5- COOLING & HUMIDIFICATION As the name implies, during this process, the air temperature drops and its humidity increases. As shown in the figure, this can be achieved by spraying cool water in the air stream. The temperature of water should be lower than the dry-bulb temperature of air but higher than its dew-point temperature to avoid condensation (tdpt < tw < to). It can be seen that during this process there is sensible heat transfer from air to water and latent heat transfer from water to air. Hence, the total heat transfer depends upon the water temperature. If the temperature of the water sprayed is equal to the wet bulb temperature of air, then the net transfer rate will be zero as the sensible heat transfer from air to water will be equal to latent heat transfer from water to air.
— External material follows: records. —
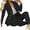 Black, variant on 2 Pcs/Set Lady Business Suit Turn-down Collar Solid Color High Waist Single-breasted Ankle-banded Pants suit for Work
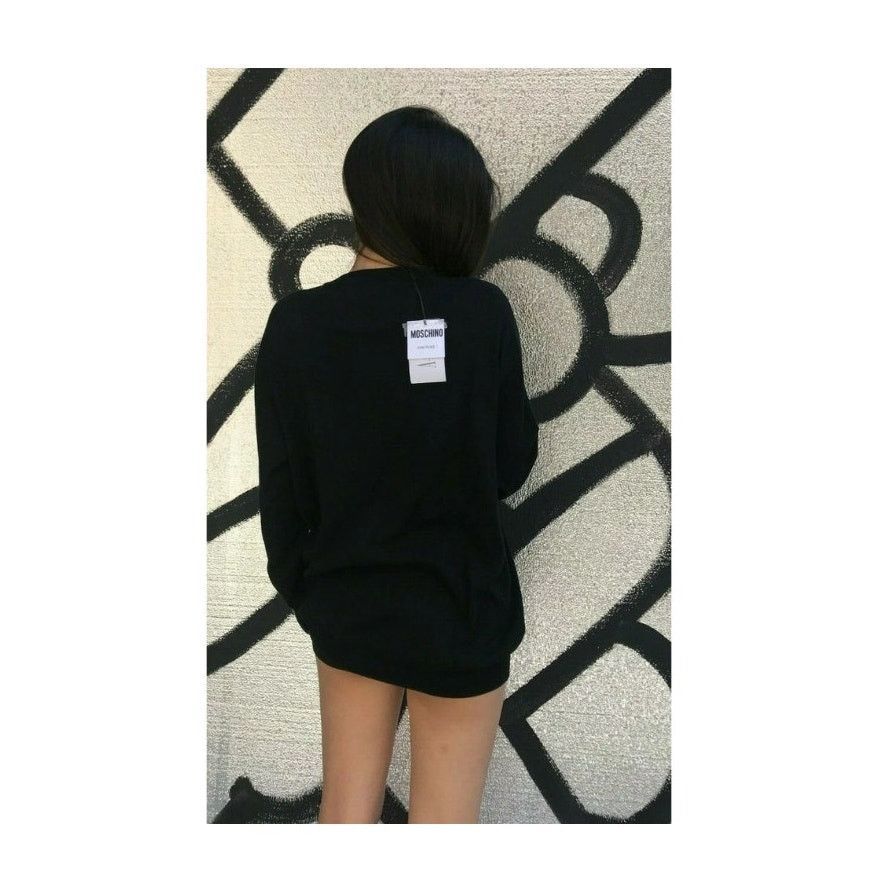 Moschino SS18 MOSCHINO COUTURE Jeremy Scott Logo Black Cotton Sweater Size XXS / US 00 / IT 34 - 9 Thumbnail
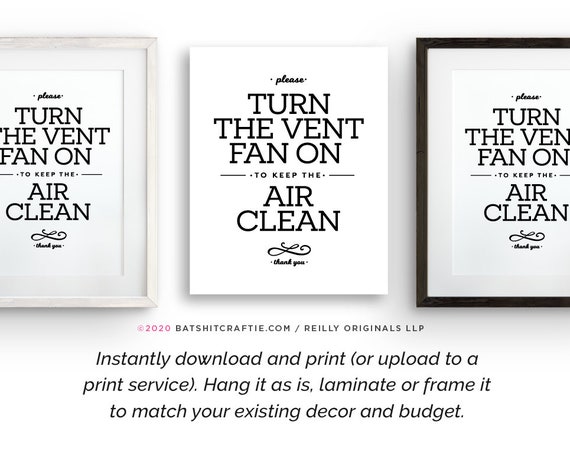 Vent Fan PRINTABLE Sign Instantly Download Print - Etsy Norway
If the water temperature is greater than WBT, then there will be a net heat transfer from water to air. If the water temperature is less than WBT, then the net heat transfer will be from air to water. Under a special case when the spray water is entirely recirculated and is neither heated nor cooled, the system is perfectly insulated and the make-up water is supplied at WBT, then at steady- state, the air undergoes an adiabatic saturation process, during which its WBT remains constant. This is the process of adiabatic saturation. The process of cooling and humidification is encountered in a wide variety of devices such as evaporative coolers, cooling towers etc.
6- HEATING AND DE-HUMIDIFICATION This process can be achieved by using a hygroscopic material, which absorbs or adsorbs the water vapor from the moisture. If this process is thermally isolated, then the enthalpy of air remains constant, as a result the temperature of air increases as its moisture content decreases. This hygroscopic material can be a solid or a liquid. In general, the absorption of water by the hygroscopic material is an exothermic reaction, as a result heat is released during this process, which is transferred to air and the enthalpy of air increases.
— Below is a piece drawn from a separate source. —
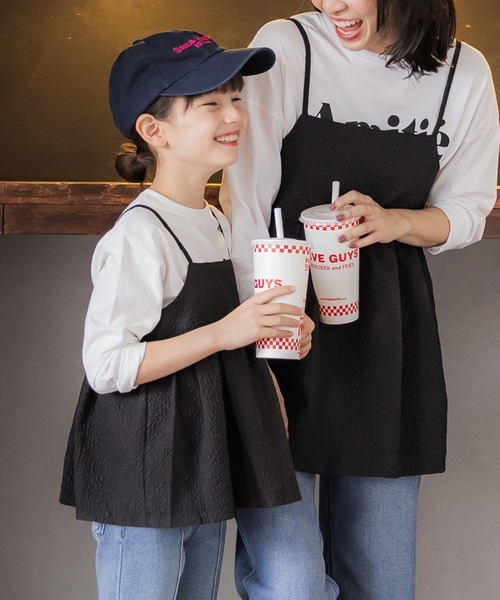 coca(coca)(コカ)の「キッズ 親子お揃い上品エンボスビスチェ(キャミソール・キッズ・ライトベージュ/ブラック・110/120/130/140)」の10枚目の写真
Heating and humidification WHAT IS HUMIDIFICATION PROCESS? The process in which the moisture or water vapor or humidity is added to the air without changing its dry bulb (DB) temperature is called as humidification process. This process is represented by a straight vertical line on the psychrometric chart starting from the initial value of relative humidity, extending upwards and ending at the final value of the relative humidity. In actual practice the pure humidification process is not possible, since the humidification is always accompanied by cooling or heating of the air. Humidification process along with cooling or heating is used in number of air conditioning applications. Let us see how these processes are obtained and how they are represented on the psychrometric chart.
HOME WORK I. REPRESENT SENSIBLE PROSESS ON PSYCHROMETRIC CHART IF (DBT=25C) AND (WBT=15) AT COIL ENTERING AND (DBT=35) AT OUTLET II. REPRESENT PROCESS OF COOLING AND HUMIDIFICATION ON PSYCHROMETRIC CHART IF (DBT=30,Q=60%) AND LEAVE AT (Q=80%, DBT=15) III. WHY THE DIRECTION OF SENSIBLE HEATING ON RIGHT SIDE OF PSYCHROMETRIC CHART? IV. WHY THE DIRECTION OF SENSIBLE COOLING ON LEFT SIDE OF PSYCHROMETRIC CHART?